The problem is that it's extremely difficult to make a list of substantive powers that is so utterly precise in its meaning that judges with incentives to expand the powers of themselves and their peers cannot come up with a plausible argument for greatly expanding that meaning.

In this case there may be an easier solution: a constitutional amendment that prevents "conditional block grants to states or other governmental entities", or similar. The feds would have to either grant the money to states or not, based only on an objective formula not conditional in nature, and any requirements on rulemaking or enforcement by that state would be forbidden from the formula. I'd have to think about the wording, but it sounds like a much easier task of drafting than trying to define "interstate commerce."

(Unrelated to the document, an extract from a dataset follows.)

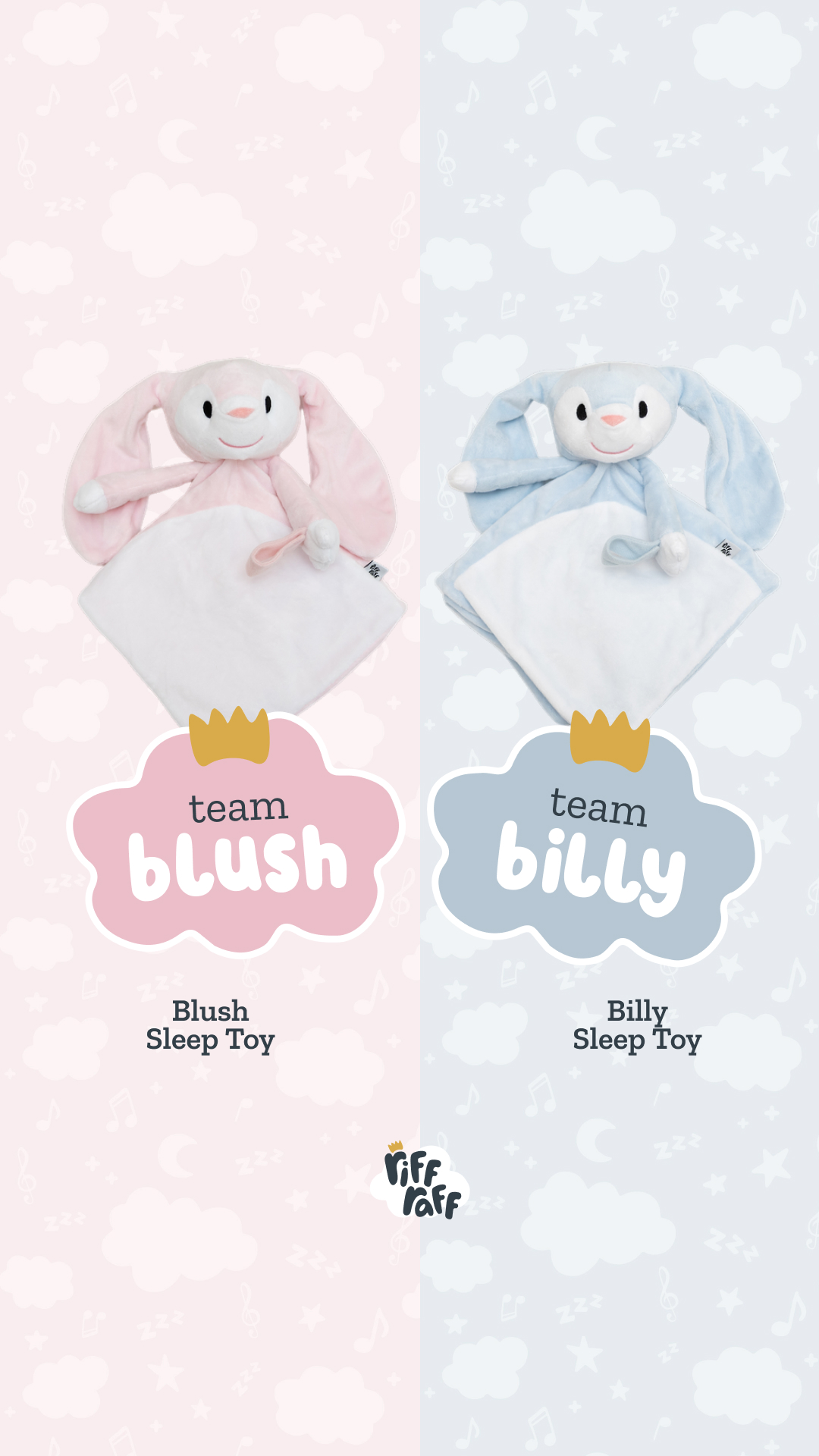 RIFF RAFF SLEEP TOYS Facebook ad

I wonder, though, if Goedel incompleteness is homomorphic to the problem of trying to draft loophole-free constitutions. :-)

Anonymous said...

Thanks for blogging, Nick. I consider you my best source of general knowledge about the legal and political environment.

For some reason, I find it easier to study your blog posts than to study your longer papers even when the longer papers are available in html.

I do not comment much here or even read the comments much here because I hate blogspot blogs: the usability is poor, and too much Javascript is used.
But to read your excellent blog entries, I will suffer through the frustration of blogspot (with liberal help from Adblock Plus to weed out the Javascript).

Anonymous said...

Thanks, Richard. I am looking for a new platform to blog on. I need to be able to export my old posts cleanly from blogger to the new platform, I should also be able to export cleanly from the new platform (I don't want my content held hostage by a platform), and it should be an advance along the lines Richard recommends. Dear readers, a bleg, what platform(s) do you recommend?

Anonymous said...

Thank you for this!

- Andrew

Mark said...

The Constitution says ourselves and our posterity. Not Ourselves And Everybody Else.....

The USA Needs To Ban The Term Politically Correct. If Someone From Another Country Gets Offended By Something This Country Has Been Doing For Hundreds Of Years Then They Can Just Go Back To Their Own Country .

Eugene said...

This is a great blog. Critical thinking is necessary and debate is healthy.

IMO,the Constitution is fine as it stands because it forms the checks and balances that would work with very little translation IF our representatives honored their oath to obey & protect (and had a clue what the constitution said).

Our founding fathers never intended the federal guv to trump the states or be involved in all the alphabet soup agencies and lunatic legislation by executive orders.

The mission of our founders was the protection of the inalienable rights, freedoms and property of the INDIVIDUAL, PERIOD. What is good for individuals is good for the masses, but what is good for the masses is NOT necessarily good for the individual, especially when forced by bureaucratic raw power.

They knew the human psyche and the propensity of greed and lust for power to contaminate. They did not intend for professional career politicians, ruled by an oligarchy of banksters and big corporate monopolies through special interest bribing.

It is clear to me that that there needs to be a barrier to career politicians and special interest influence. Right there is 99% of the problem with government, federal, state and local.

We need a Renaissance to return to the original, organic Constitution and representatives willing to follow their oath to obey and protect.

Anonymous said...

Eugene said:"The mission of our founders was the protection of the inalienable rights, freedoms and property of the INDIVIDUAL, PERIOD".

Theoretically, I could agree with this but the problem I have with this thinking is that our founders only considered white males who owned land to be "indivduals". Did it really take over a 120 years to amend it so women could vote?